-- SOURCE MATERIAL follows --

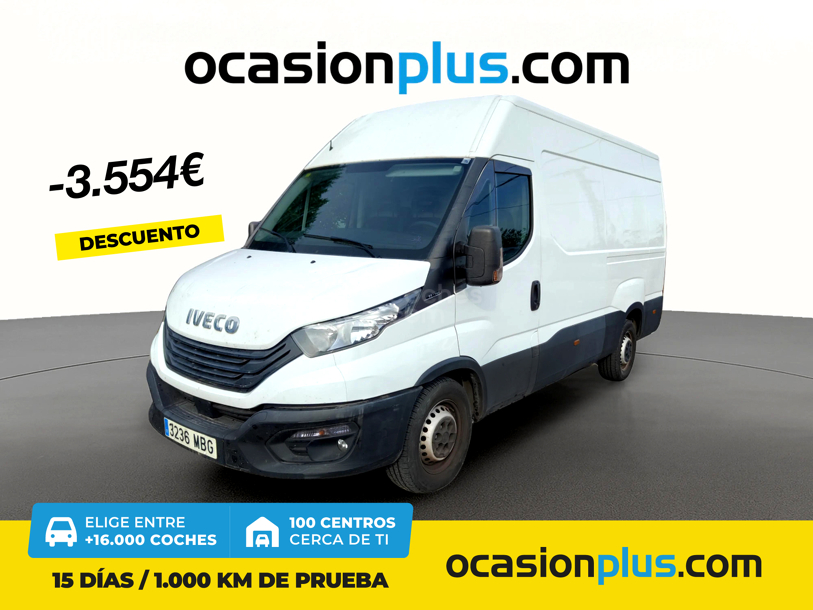 Foto del IVECO Daily Furgón 35C16 V 3520L H2 12.0 156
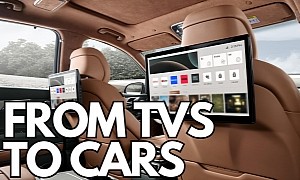 A TV OS Is the Latest Player in a World Where Android Auto and CarPlay Are Kings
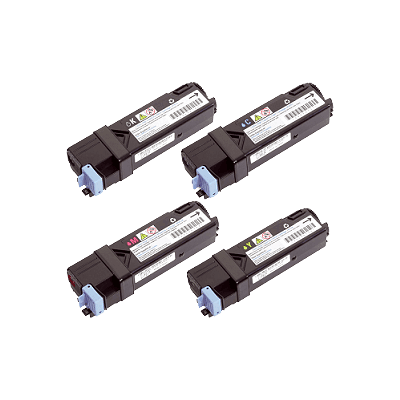 Dell 593-10258 4 Stk. Rabatpakke Toner 8000 Sider - Kompatibel Dell 593-10258 4 Stk. Rabatpakke Toner 8000 Sider - Kompatibel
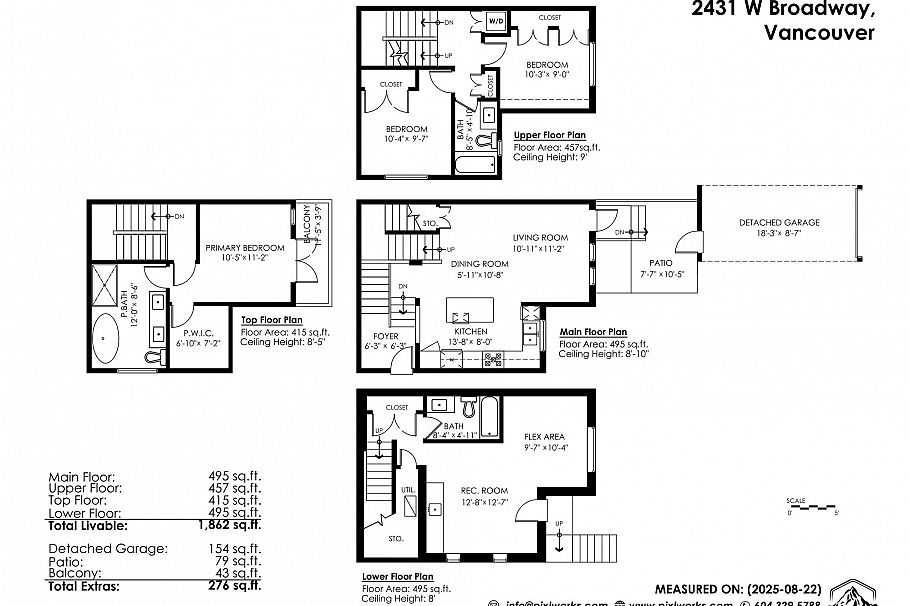 2431 W Broadway Street Vancouver, BC - 40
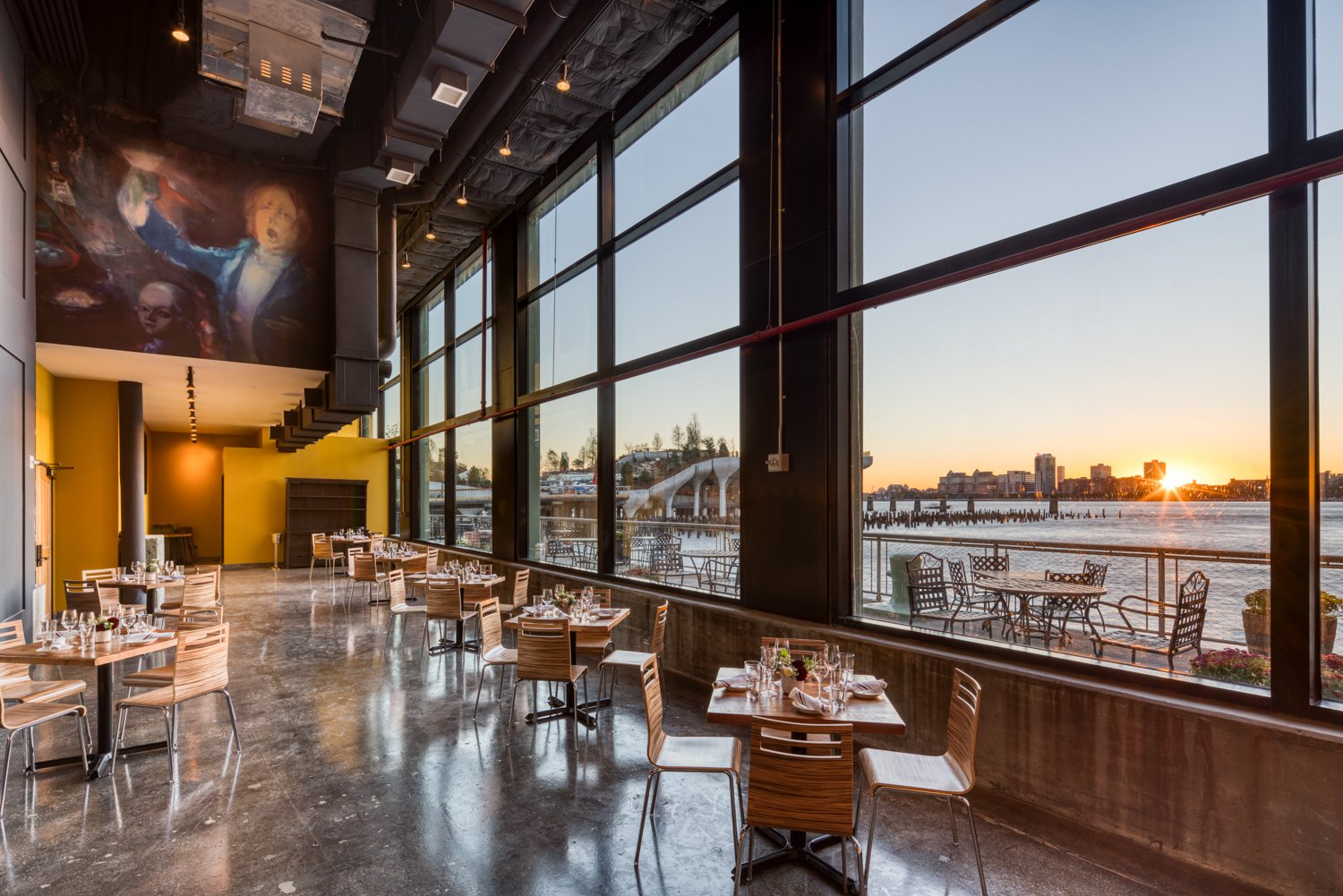 City Vineyard, New York City, United States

-- SOURCE MATERIAL concluded --

→ **TASK PROMPT**
Could you reproduce every record above exactly, leaving out the pictures?

→ **OUTPUT OF THE TASK**
 Foto del IVECO Daily Furgón 35C16 V 3520L H2 12.0 156
 A TV OS Is the Latest Player in a World Where Android Auto and CarPlay Are Kings
 Dell 593-10258 4 Stk. Rabatpakke Toner 8000 Sider - Kompatibel Dell 593-10258 4 Stk. Rabatpakke Toner 8000 Sider - Kompatibel
 2431 W Broadway Street Vancouver, BC - 40
 City Vineyard, New York City, United States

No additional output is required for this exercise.